PyDriller documentation!¶
Overview / Install¶
PyDriller is a Python framework that helps developers on mining software repositories. Born as a fork of RepoDriller, with PyDriller you can easily extract information from any Git repository, such as commits, developers, modifications, diffs, and source codes, and quickly export CSV files.

Requirements¶
Installing PyDriller¶
Installing PyDriller is easily done using pip. Assuming it is installed, just run the following from the command-line:
# pip install pydriller
This command will download the latest version of GitPython from the Python Package Index and install it to your system. This will also install the necessary dependencies.
Source Code¶
PyDriller’s git repo is available on GitHub, which can be browsed at:
and cloned using:
$ git clone https://github.com/ishepard/pydriller
$ cd pydriller
Optionally (but suggested), make use of virtualenv:
$ virtualenv -p python3 venv
$ source venv/bin/activate
Install the requirements:
$ pip install -r requirements
and run the tests using pytest:
$ pytest
Getting Started¶
Using PyDriller is very simple. You only need to create RepositoryMining: this class will receive in input the path to the repository and return a generator that iterates over the commits. For example:
for commit in RepositoryMining('path/to/the/repo').traverse_commits():
print('Hash {}, author {}'.format(commit.hash, commit.author.name))
will print the name of the developers for each commit. It’s simple, isn’t it?
Inside RepositoryMining, you will have to configure which projects to analyze, for which commits, for which dates etc. For all the possible configurations, have a look at Configuration.
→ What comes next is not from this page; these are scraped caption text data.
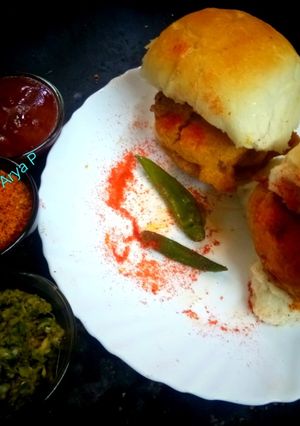 बटाटे वडा पाव (Batate vada pav recipe in hindi) रेसिपी मुख्य फोटो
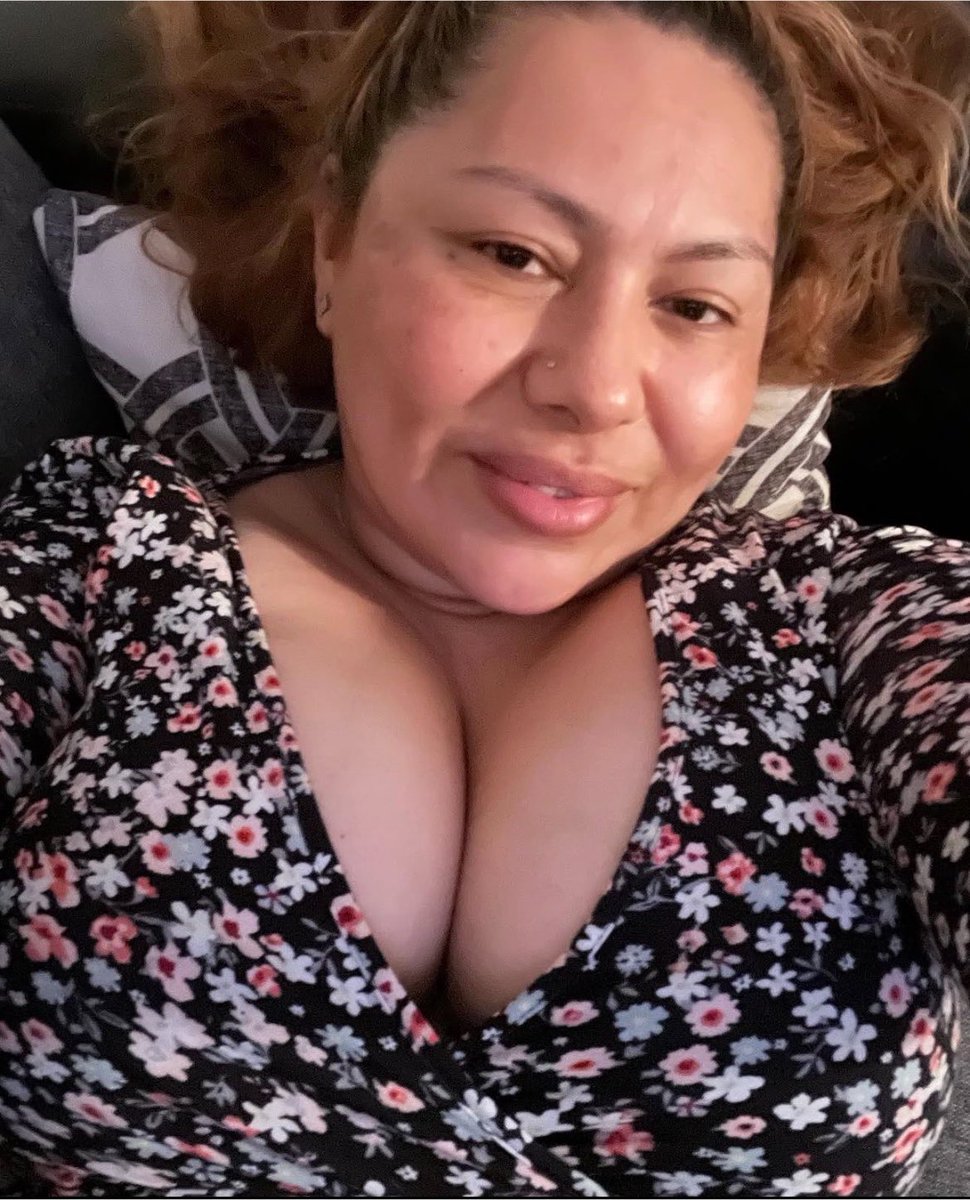 Theguy2347's tweet photo. Tribute his mom! @diboxnd 
Join the telegram for more of his hot mom! https://t.co/zRJeullboC https://t.co/zw8tzN7wK1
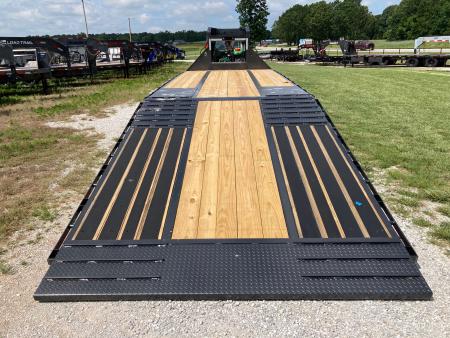 New 2026 Diamond C Trailers 102x30 TANDEM 25.9K GN HYDROTAIL W/ BLACKWOOD RUNNERS, HYDROJACKS, SOLAR & WIRELESS REMOTE Flatbed Trailer
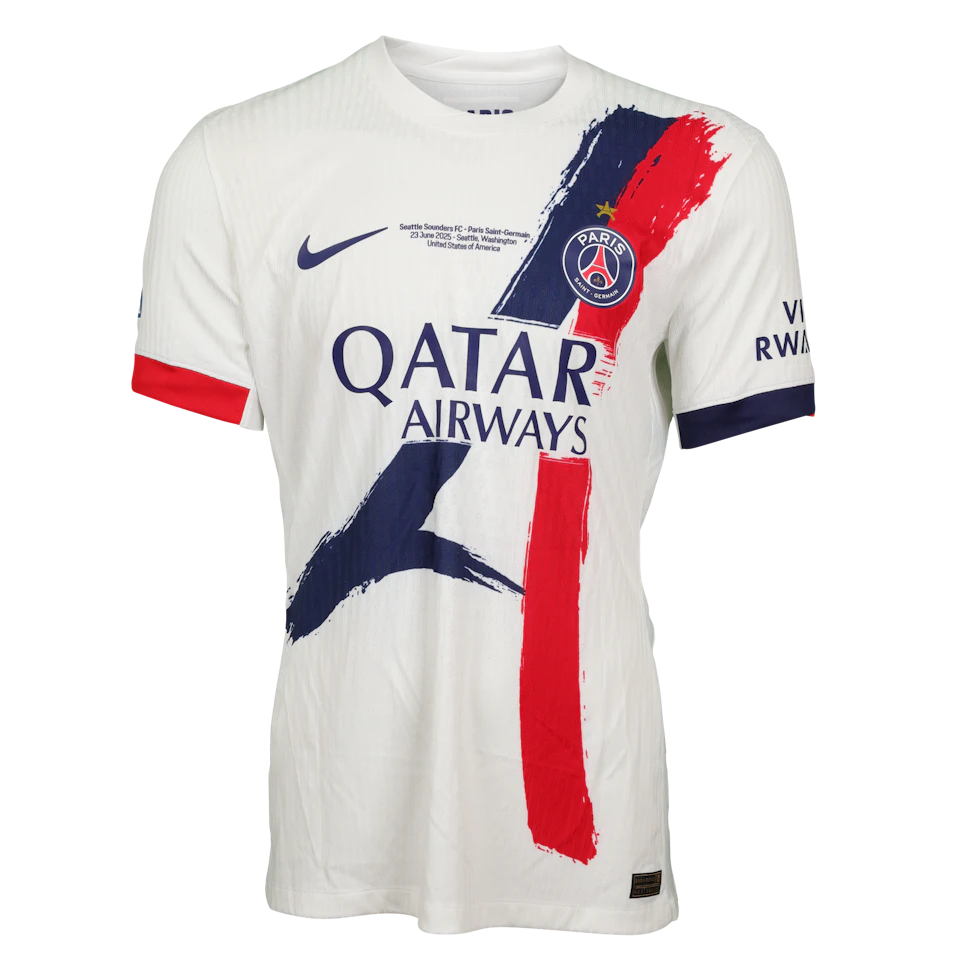 Bradley Barcola Paris Saint-Germain shirt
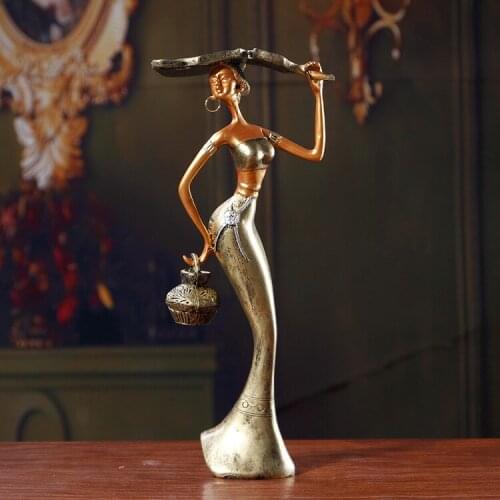The woman from the living room garden ornaments ornaments European resin crafts home furnishings desktop decoration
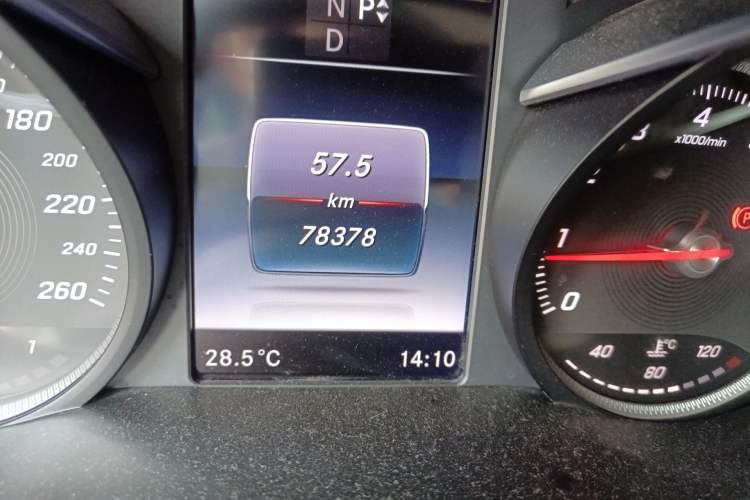 Used Mercedes-Benz C-Class 2016 C 200 L Sport Edition Odometer Close Up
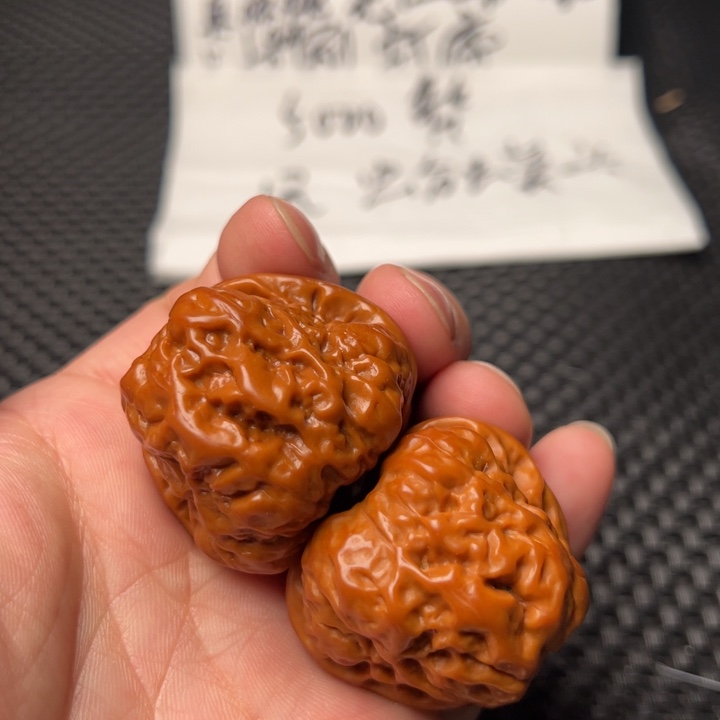 文玩核桃吊坠40蛤蟆头20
Let’s make another example: print all the modified files for every commit. This does the magic:
for commit in RepositoryMining('path/to/the/repo').traverse_commits():
for modification in commit.modifications:
print('Author {} modified {} in commit {}'.format(commit.author.name, modification.filename, commit.hash))
That’s it! It’s simple, isn’t it?
Behind the scenes, PyDriller opens the Git repository and extracts all the necessary information. Then, the framework returns a generator that can iterate over the commits.
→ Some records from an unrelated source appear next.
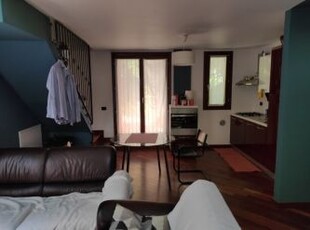 Appartamento in Vendita in Via Arrigo Boito 44 a Monza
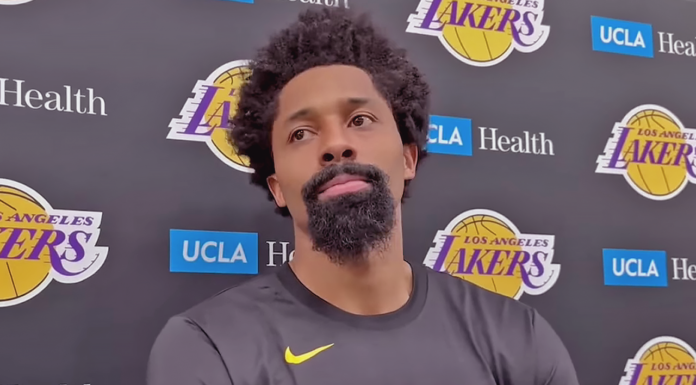 NBA: Zapowiadał ambitną walkę z Hornets. Zamiast tego wylądował w Eurolidze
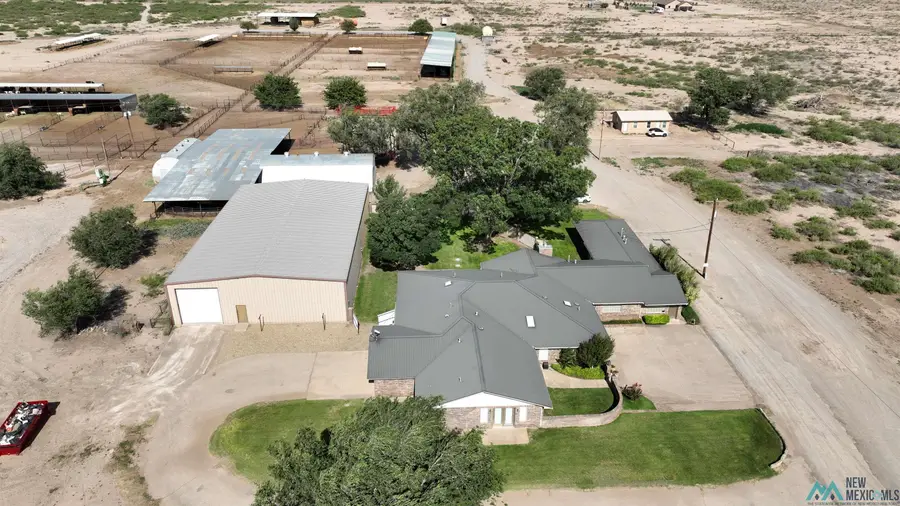 1807 Don Lewis Road, Artesia, NM 88210 - Image #2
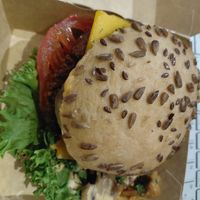 Vegan Kräuterraucher with glutenfree bun at Hans im Glück in Frankfurt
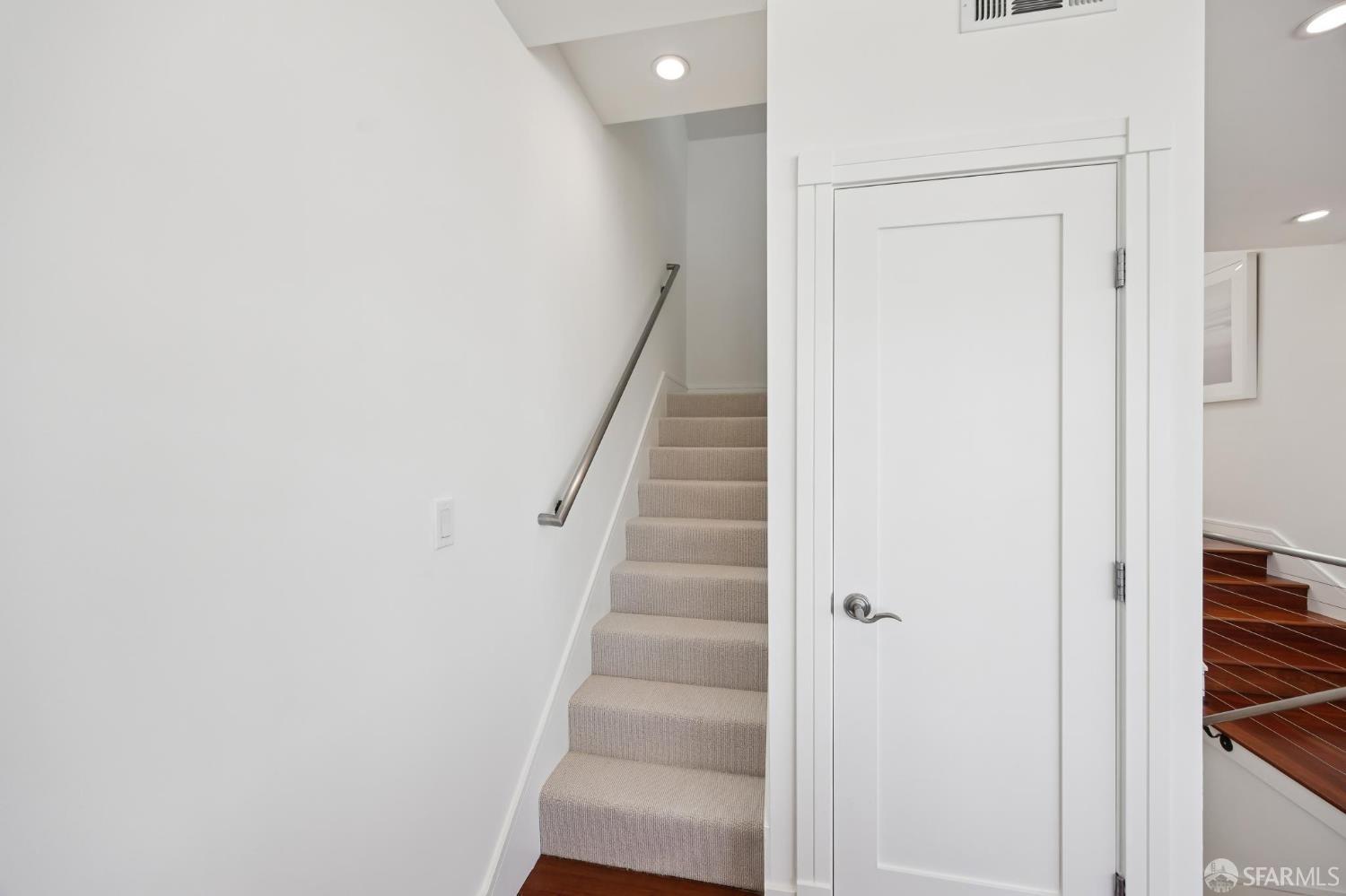 Photo #30: 426130827 Listing: Photo #30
Ok, let’s try a more difficult problem: let’s count how many commits contain the word “bug” in the message. We can do it like this:
count = 0
for commit in RepositoryMining('path/to/the/repo').traverse_commits():
if 'bug' in commit.msg:
count += 1
I bet you weren’t expecting it to be that simple, right?
Configuration¶
One of the main advantage of using PyDriller to mine software repositories, is that is highly configurable. Let’s start with selecting which commit to analyze.
Selecting the Commit Range¶
By default, PyDriller executes the visitor for all the commits in the repository. However, filters can be applied to RepositoryMining to visit only specific commits.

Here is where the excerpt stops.